The recent accomplishment of genome sequencing and annotation of B. rapa[5], combined with the available genome sequence data for model Arabidopsis in Brassicaceae[15], provide improved strategies for comparative genome analysis and breeding. Attempts to develop a unified comparative genomics system in the Brassicaceae have revealed 24 conserved genomic blocks [4], an extension to the 21 syntenic blocks identified in B. napus[16]. Comparative mapping studies between members of Brassica and Arabidopsis thaliana[16–22], and Arabidopsis thaliana and Capsella rubella[23], together with the identification of an ancestral karyotype (AK) [24], have stimulated interest in the evolutionary processes underlying diversification in the Brassicaceae. Since the allotetraploid species possess much larger genomes than their diploid counterparts in Brassica[2], we expect that novel gene/pathway interactions have emerged in the allotetraploid Brassica species through sub-functionalization and/or neo-functionalization of paralogs [25, 26].

Low coverage genome survey sequences (GSS) can provide information about gene content, polymorphism, functional elements, repetitive elements and molecular markers [27–31]. In some studies, most of the coding sequence in a genome can be surveyed with less than 2 genome coverage [32]. It was possible to recover 38% of the coding fraction of the mouse-human alignment with only 0.66 × coverage of the pig genome [33]. With only 0.1 × coverage, it was possible to generate a considerable amount of biologically useful information and genomic resources for Megaselia scalaris, including identification of repetitive elements, the mitochondrial genome, microsatellites and identification of gene homologs [34]. These studies make a compelling case for low density sequencing in the genomic studies of non-model species.

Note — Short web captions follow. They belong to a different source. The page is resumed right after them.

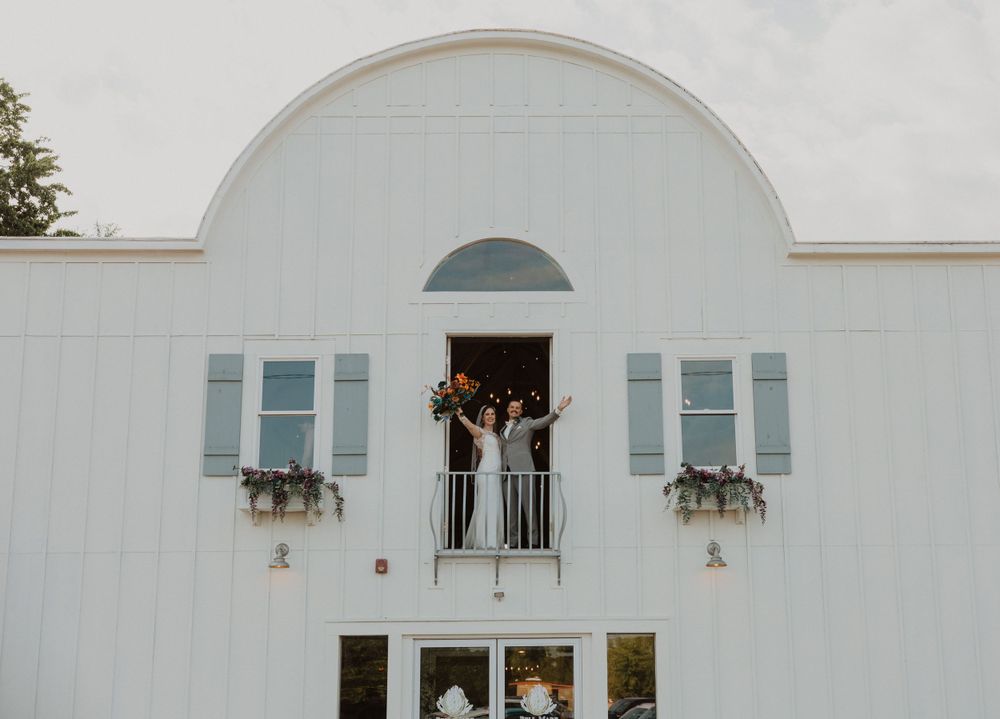 Exterior view of a white barn-style wedding venue with arched windows and decorative flower boxes.
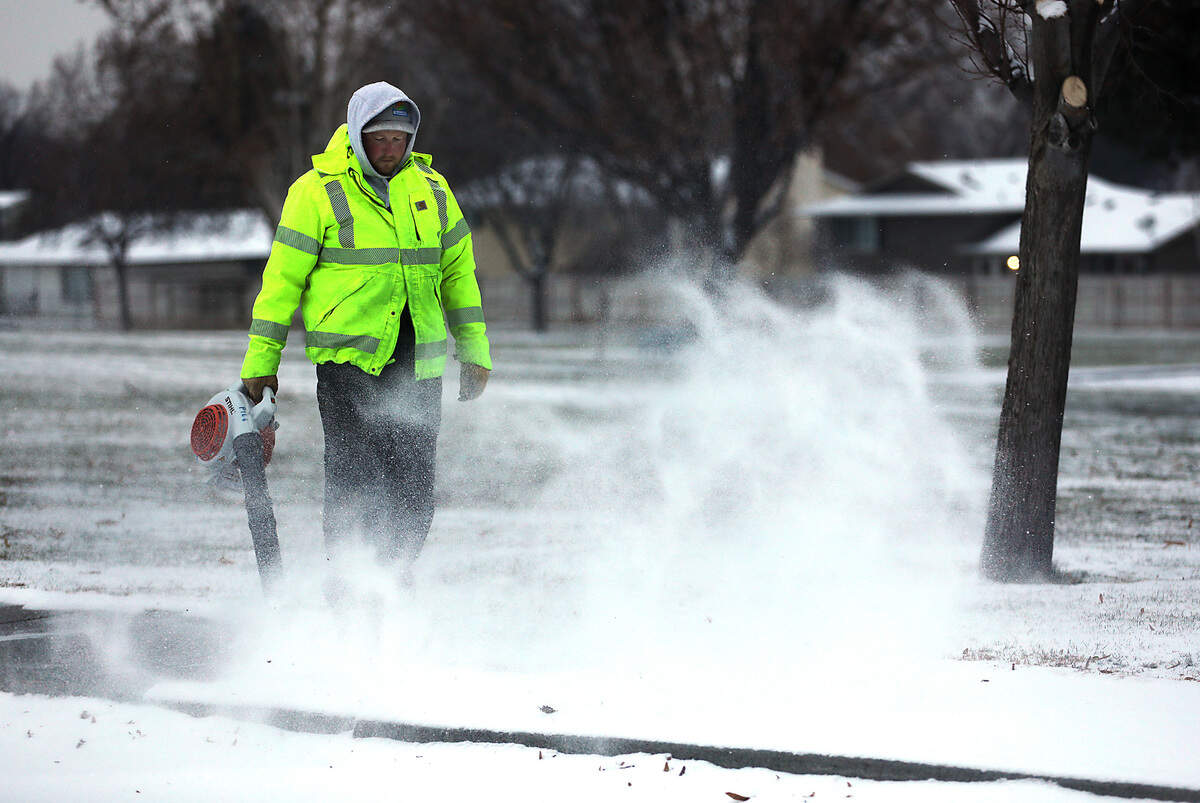 Thomas Workman, an employee for the city of Kennewick, uses a leaf blower to clear snow from sidewalks in the Highlands Grange Park off South Union Street in Kennewick. Overnight snowfall measured less than an inch in most places.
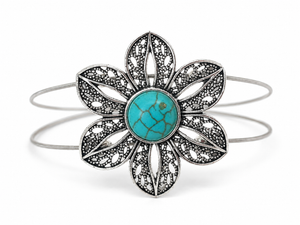 Floral bracelet with turquoise center and silver accents on a white background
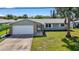Home boasts charming curb appeal with a well-manicured lawn and mature landscaping at 2175 Edythe Dr, Dunedin, FL 34698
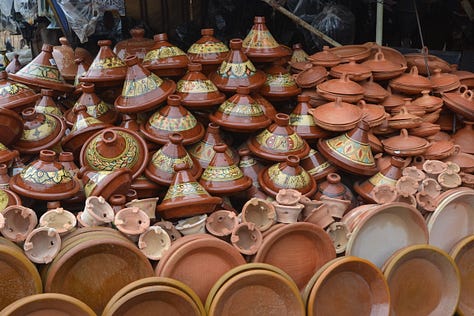 Scenes from Morocco featuring traditional architecture, vibrant souks, and cultural details - from geometric mosaic floors and colorful markets to local artisans and the famous goats in argan trees.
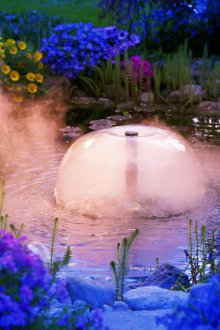 Осветен фонтан с мъгла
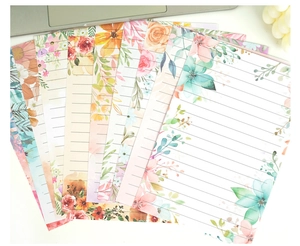 Flat lay of watercolor floral stationery set with lined paper and artistic botanical patterns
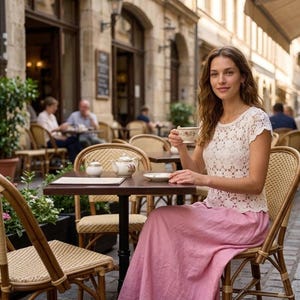 A woman with long brown hair sits at an outdoor cafe table, wearing a white short-sleeved crochet top with a floral openwork pattern and a long pink skirt, holding a teacup.
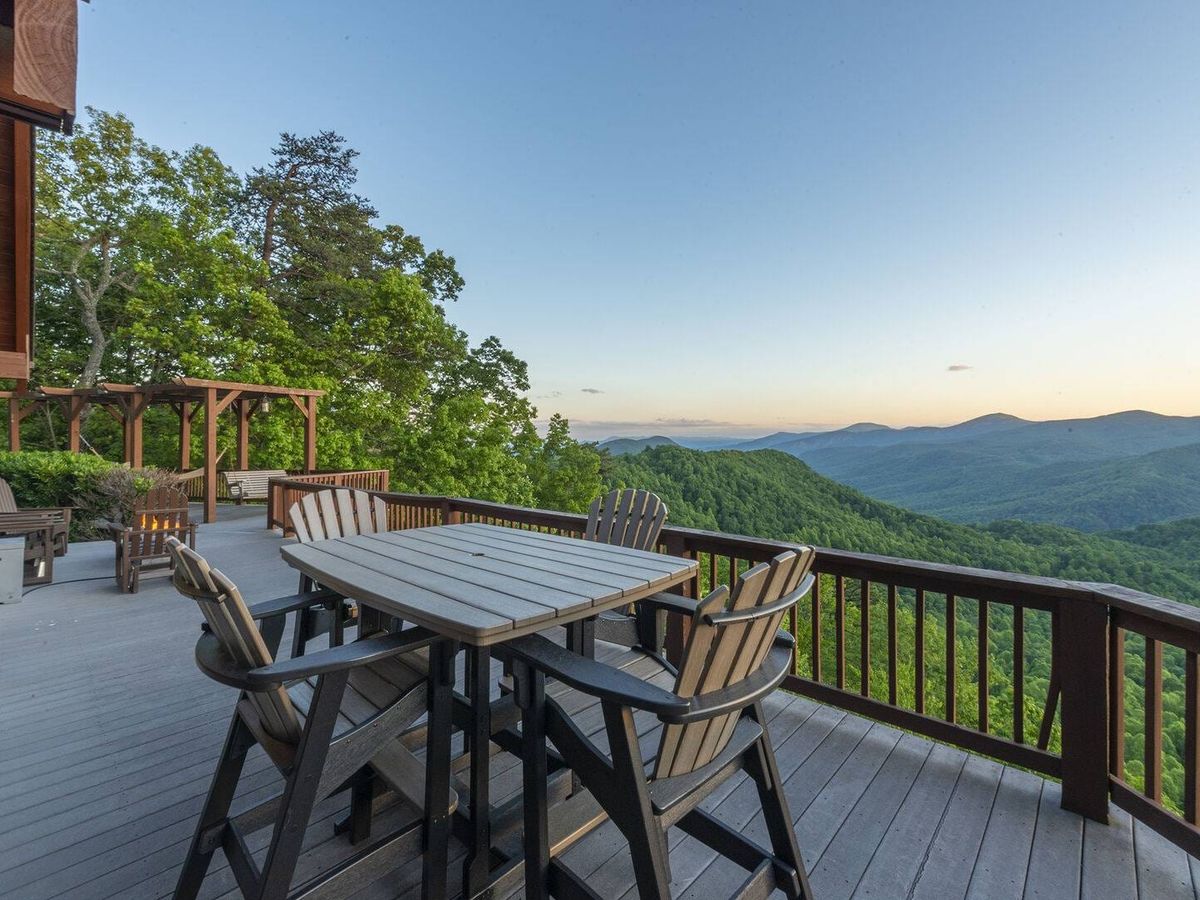 A Celestial Chalet features a spacious deck overlooking rolling mountain ridges. Guests can enjoy unforgettable sunsets and quiet mornings surrounded by nature.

Here, we employed high-throughput sequencing for comparative genome analysis of B. juncea and B. rapa to identify genome changes associated with polyploidization that might account for the phenotypic diversity of B. juncea. We showed clues of glucosinolate biosynthesis and flowering pathway evolution occurred in Brassica juncea, likely accounting for some of the phenotypic diversity that is observed. Furthermore, it provides a valuable resource for more focused investigations into the rate and distribution of genomic changes that accompany polyploidization in this species.

Karyotype of B. juncea

According to the 'U-triangle’ theory of Brassicaceae[6], allotetraploid B. juncea originated from hybridization of B. rapa (AA, 2n = 20) and B. nigra (BB, 2n = 16). We identified genomic components of B. juncea by genomic in situ hybridization (GISH). The two predicted genomes (A and B) of the allotetraploid were distinguished using genomic DNA from B. rapa and B. nigra as probes representing the putative progenitor genomes. The 20 A and 16 B chromosomes detected suggest that the two genomes have remained somewhat distinct in B. juncea with no significant genome homogenization and no large-scale translocations between genomes (Figure 1).

Genomic in situ hybridization analysis of genome component in B. juncea . Metaphase chromosome from root tip cell of B. juncea (A), detection of B genome chromosome in B. juncea chromosome (B), detection of A genome chromosome in B. juncea chromosome (C), A and B genomes with red and green fluorescence in B. juncea (D). Bar = 5 μm.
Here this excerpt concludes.